__Given records__:
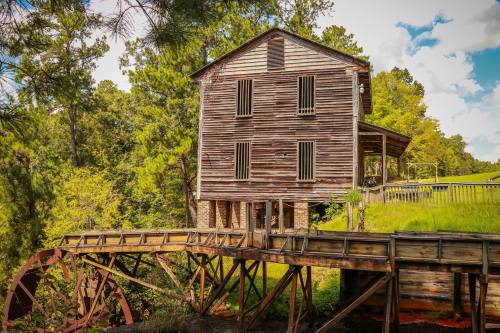 A rustic wooden mill with a waterwheel, surrounded by lush greenery and blue skies.
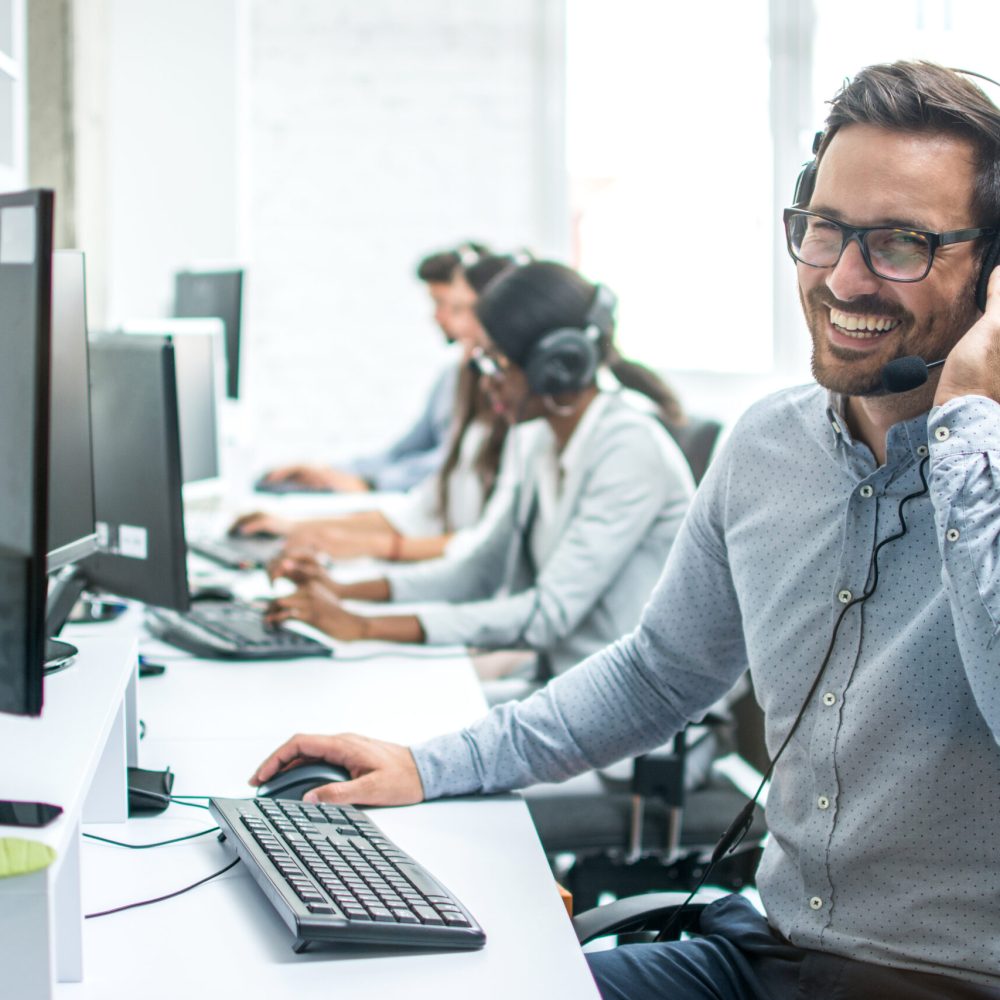 Smiling handsome customer support operator with headset working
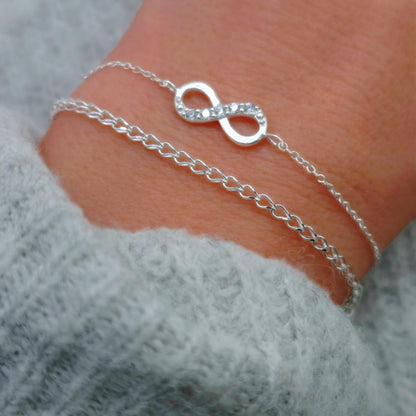 zartes  gewebtes Silber Armband am Handgelenk des Models in seitlicher Nahaufnahme mit hellgrauem Pulli kombiniert mit zartem SilbernArmband mit Unendlichkeitssymbol und Zirkoniakristallen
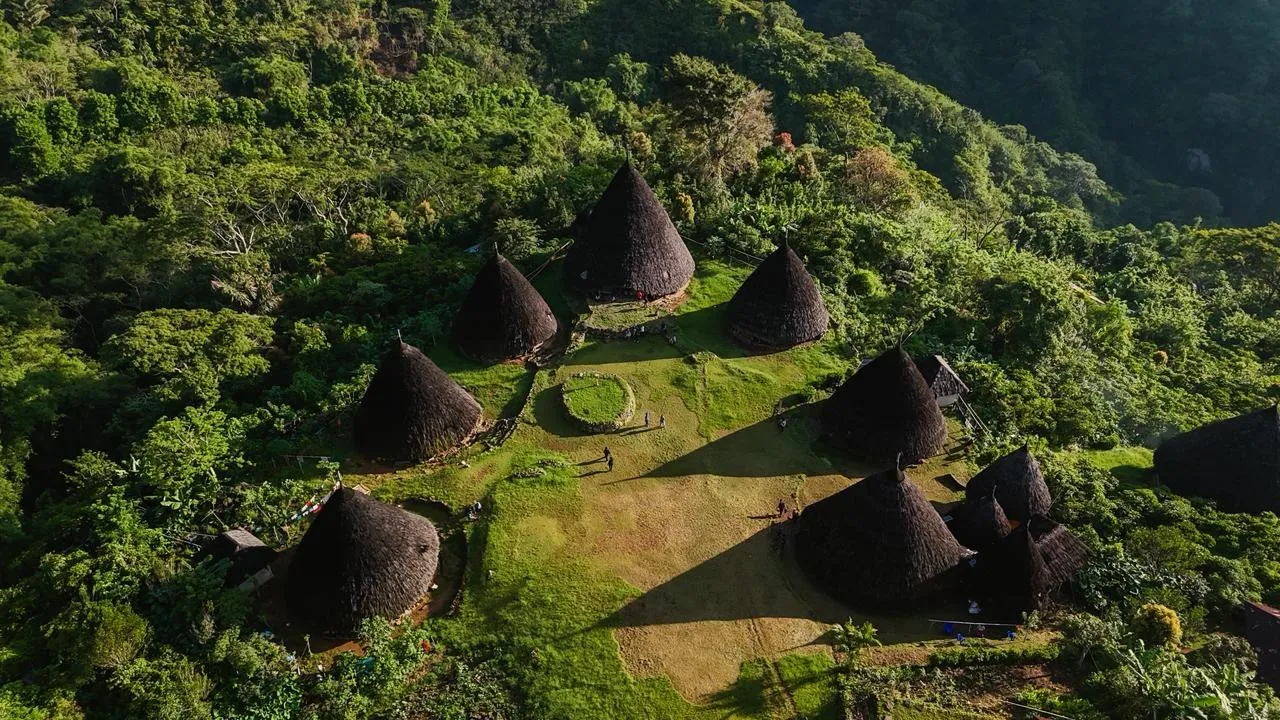 Aerial view of the cone-roofed houses of Wae Rebo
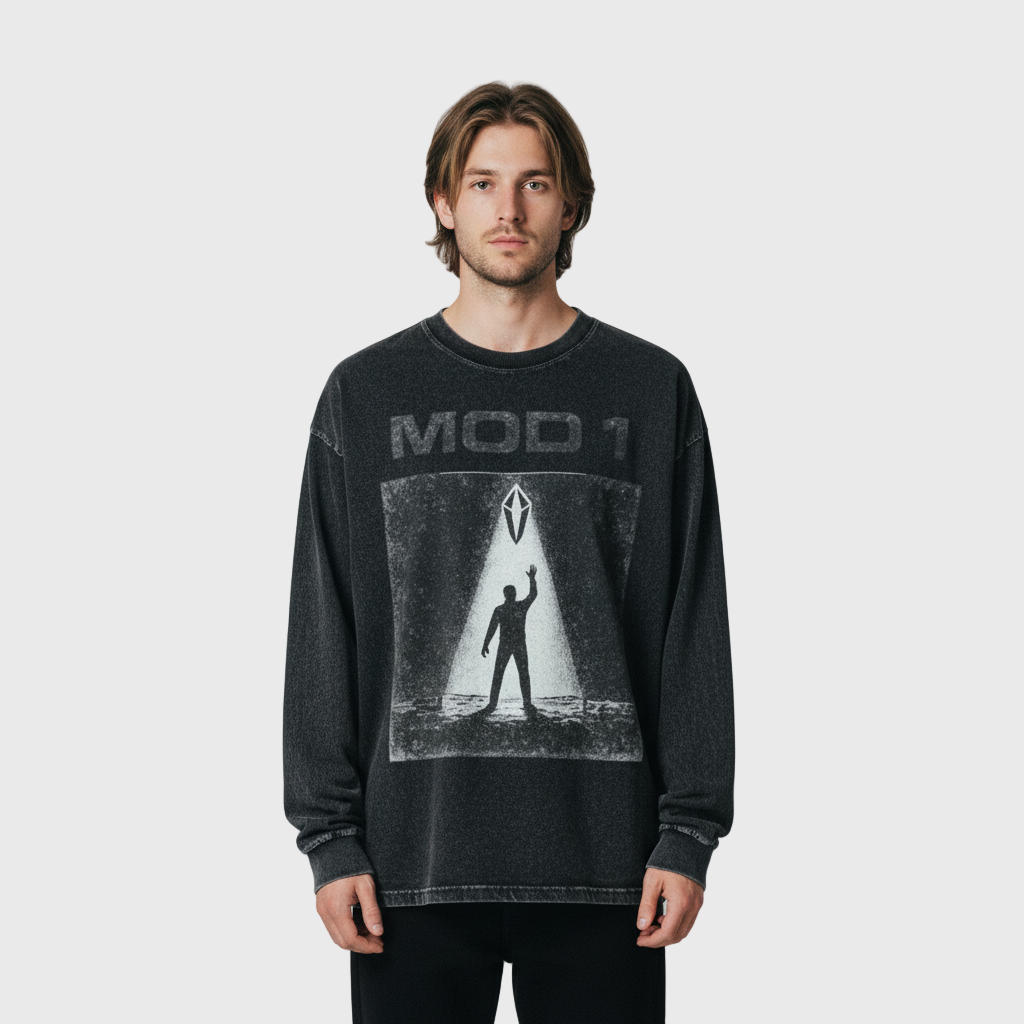 Person wearing a black MOD 1 T-shirt with graphic design on a gray background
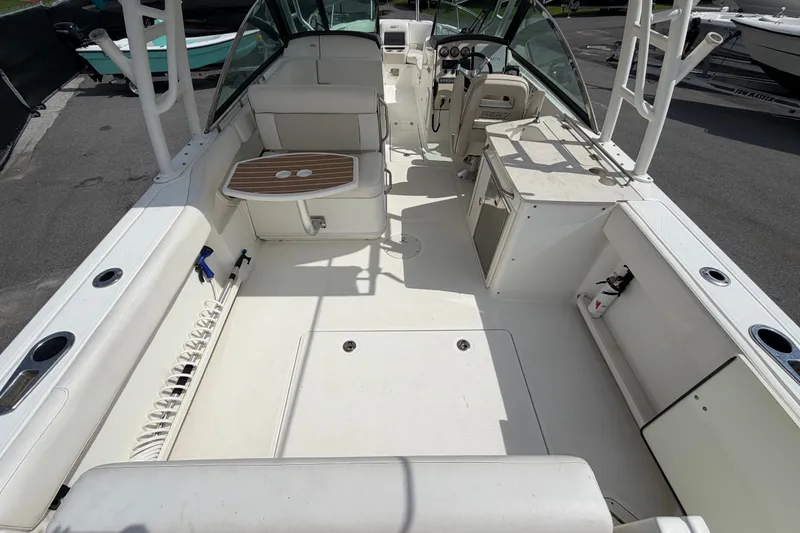 Slide: The Image of 2015 Boston Whaler 270 Vantage boat interior with seating, helm, and storage areas. - 15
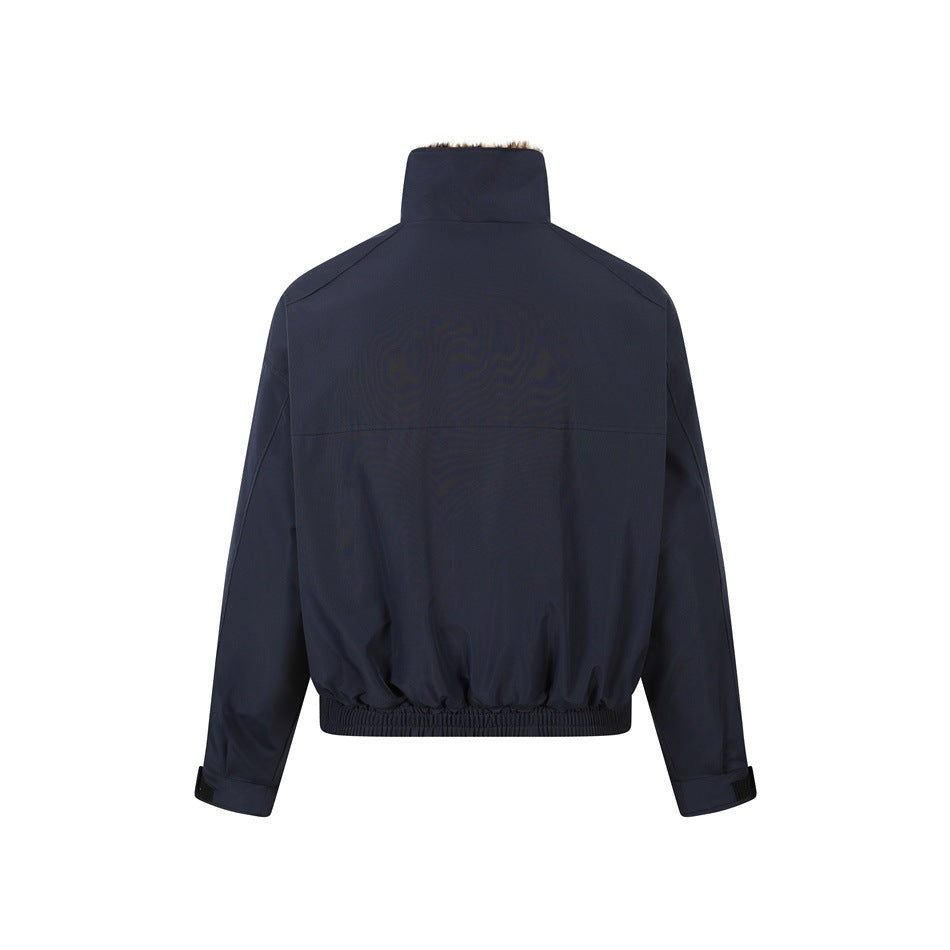Back view of a dark navy jacket with a high collar, long sleeves, adjustable cuffs, and an elasticized hem.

__Assigned task__:
Give again, word for word, only the lines from the line containing "Slide: The Image" through the last line above, both included; leave the pictures out.

__Output below__:
 Slide: The Image of 2015 Boston Whaler 270 Vantage boat interior with seating, helm, and storage areas. - 15
Back view of a dark navy jacket with a high collar, long sleeves, adjustable cuffs, and an elasticized hem.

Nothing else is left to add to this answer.